The Last Hieroglyph, The Collected Fantasies v. 5
Clark Ashton Smith
Night Shade Books
376 p. $39.99
A few years back, like say in 2004 or so, when I preordered my set, Night Shade announced they were doing a multi-volume collection of the fantasies of Clark Ashton Smith. This is the final volume, which was just released a few weeks ago. The stories are in the order of their composition rather than order of publication or by theme or setting as some earlier collections have, such as those edited by Lin Carter for the Ballantine Adult Fantasy series in the 1960s and 1970s.
Strange Wonders
Fritz Leiber
Subterranean Press
280 p. $40 (trade edition)
This is the book for the Fritz Leiber fan in your life, even if that fan is you. Especially if that fan is you. This is a collection of drafts, early stories, and poems by one of the greatest practitioners of sword and sorcery, science fiction, and horror who ever lived. There was a limited edition of the book, but it is out of print.
The Year’s Best Dark Fantasy and Horror 2010
Paula Guran, ed.
Prime Books
575 p., $19.95
Unlike the much missed Datlow-Windling (later Datlow-Grant-Link) annual collections of fantasy and horror, this one limits itself to dark fantasy, with none of the more upbeat subgenres represented in those volumes. I’m not familiar with Paula Guran, but having read the introduction and the afterwards to the few stories I’ve managed to ssteal time to read, I’m going to be watching for her name on a cover. (The books skips the traditional editor’s introductions and replaces them with afterwards.)
Best American Noir of the Century
James Ellroy and Otto Penzler, eds
Houghton Mifflin Harcourt
731 p. $30 list price.
Ellroy and Penzler have killed a lot of trees to bring you this book. Which happens to have a few killings in it. While there isn’t a story for every year of the 20th century, there’s a lot to go around. Penzler’s introduction about how noir is the antithesis of the private detective story points out some differences between the two types of story.
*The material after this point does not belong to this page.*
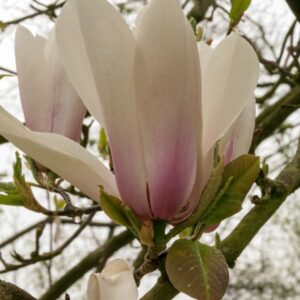 Magnolia 'Peppermint Stick'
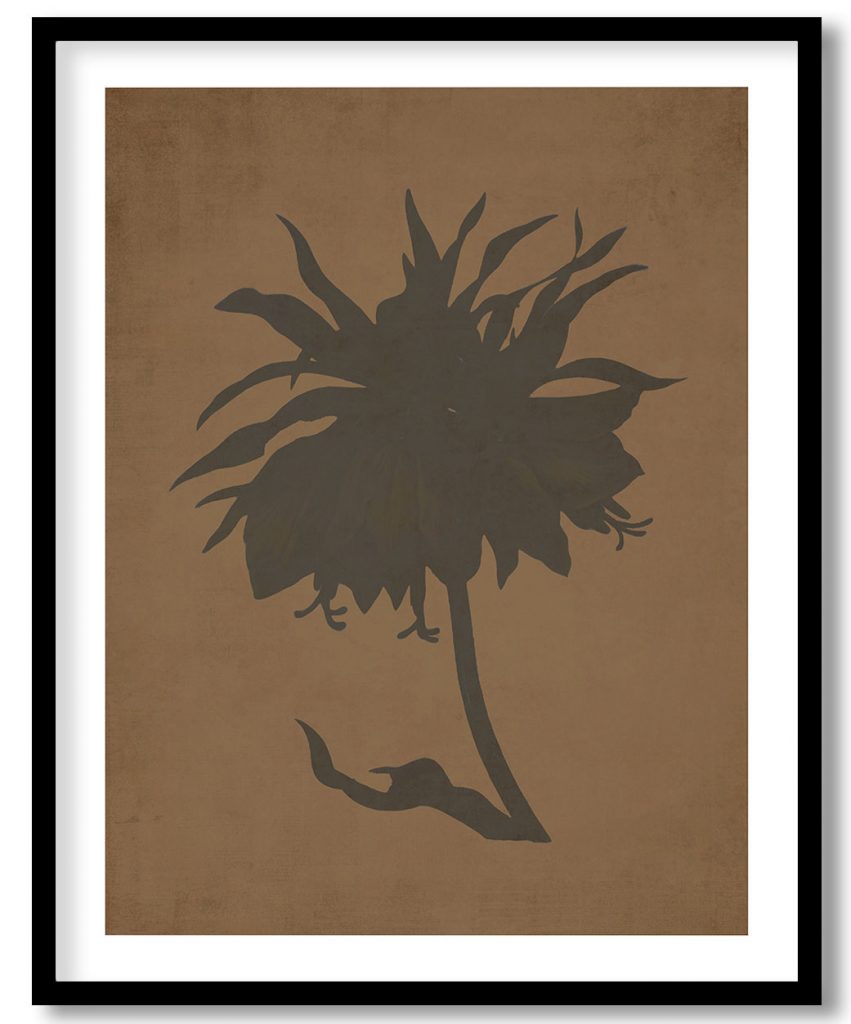 Fritillaire, Imperiale. Var. jaune - Walnut Pressed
The Black Lizard Big Book of Black Mask Stories
Otto Penzler, ed.
Vintage
1136 p. $25 list price
Proving he’s just a good an editor at disreputable pulp as he is at respectable noir, Penzler has put together a collection of stories from the legendary pulp Black Mask. With over a thousand pages, this is the largest collection of tales from Black Mask. The stories are reproduced exactly as they appeared including illustrations. Add a cover showing a moll with a grimace, a tommy gun, and a blazing roscoe, and what’s not to love?